Welcome to the 68-cover Above the Sea Level resto-bar at the Raintree Hotel on St.Mary’s Road where the “Fish Bazaar” seafood festival Jan 24-Feb 3 is being hosted.
“The concept is simple. Guests can choose from the range of day’s seafood catch including live ones. The items will be weighed and would be cooked as per the guests’ choice of marination and cooking style – grilled, poached, steamed or tandoored,” chef R. Jai Shankar told IANS.

The dishes are served with a choice of accompaniments like olive grilled vegetables, spicy potato wedges or garlic mashed potatoes.

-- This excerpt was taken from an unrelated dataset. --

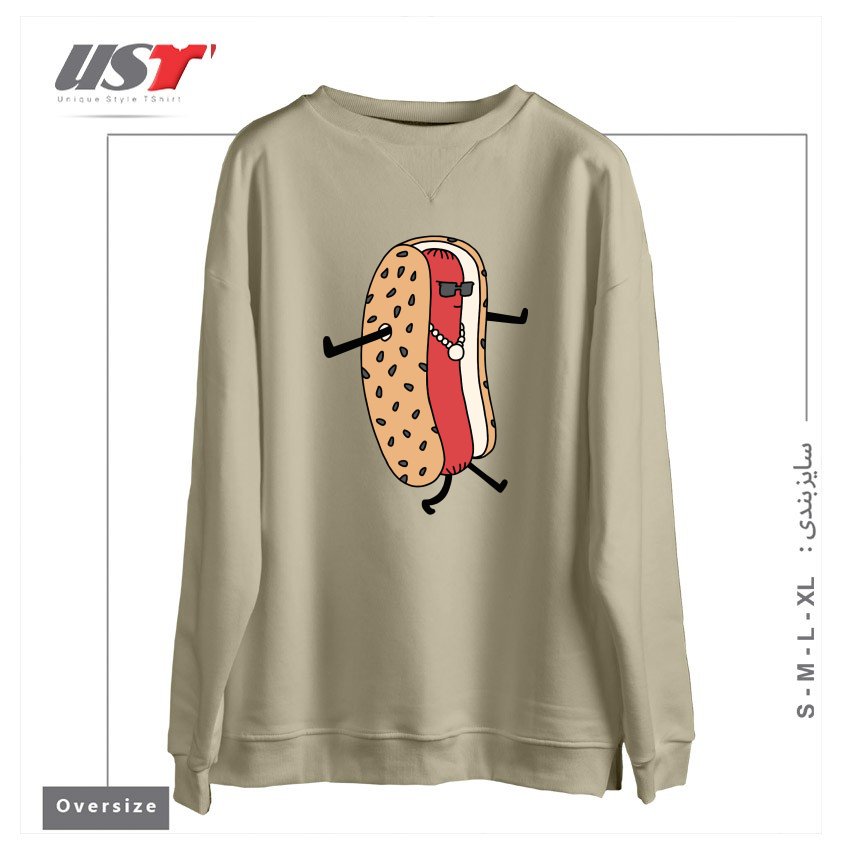 طرح HOT DOGGIN' سوییشرت اورسایزرنگ نخودی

And guests can enjoy the starry skies and breeze and speculate on the names of the other tall structures visible on the skyline while eating their food.

The day’s catch of seafood ranges from lady fish, ribha fish, iraal, pomfret, emperor, tuna, grouper, pearl spot, cuttle fish, parrot fish, rock/sand lobsters to octopus, oysters, live mud crabs, king prawns and sardines, among others.

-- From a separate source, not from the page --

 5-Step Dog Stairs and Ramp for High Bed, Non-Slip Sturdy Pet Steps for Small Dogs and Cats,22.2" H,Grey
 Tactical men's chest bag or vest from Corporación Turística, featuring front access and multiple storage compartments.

Live iraal, lobsters and other fish are kept in a large glass tank for guests to choose from.

Setting the mood to dive into an elaborate fishy dinner is the aroma that wafts through the restaurant and a small fish bowl containing live blue gourami – an ornamental fish.

No, the fish in the bowl is not for the plate. Watching it, guests can relax their minds.

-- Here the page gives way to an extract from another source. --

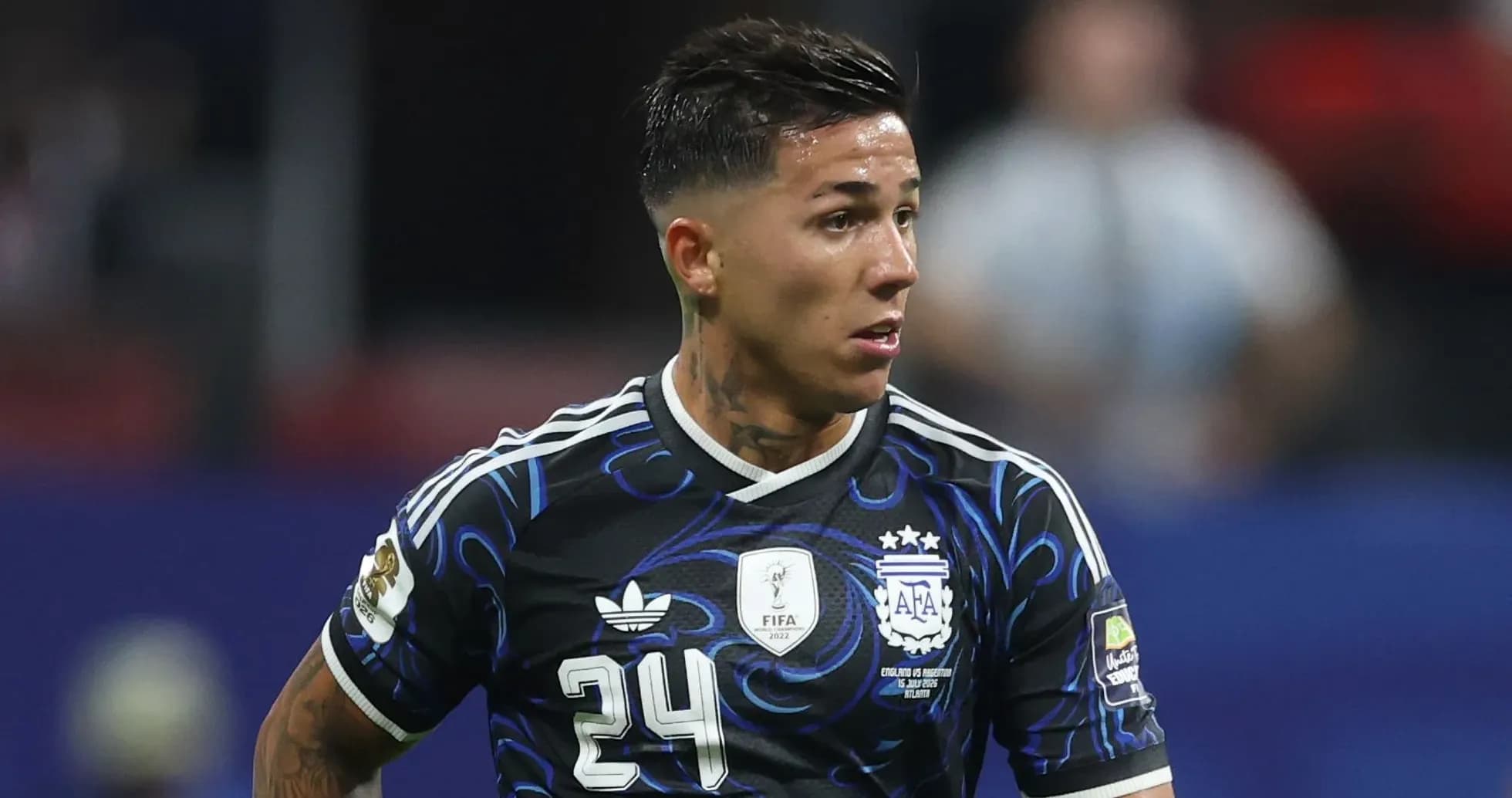 Player wearing Argentina jersey during match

“Last year we had 40 fish varieties and this year it is 51. No imported fish varieties are served during the seafood festival. This is an opportunity for the guests to taste the local catch,” Shankar said.

Surprisingly there is no seafood soup.

“We offer only vegetarian soups,” Shankar said, suggesting the oven-roasted tomato soup.

A Tamilian but hailing from Bihar, Shankar took to ladles like a fish to water. His father M. Rajendran was a head chef for Tata Sons in Jamshedpur and Shankar wanted to follow his footsteps after his B.Com degree.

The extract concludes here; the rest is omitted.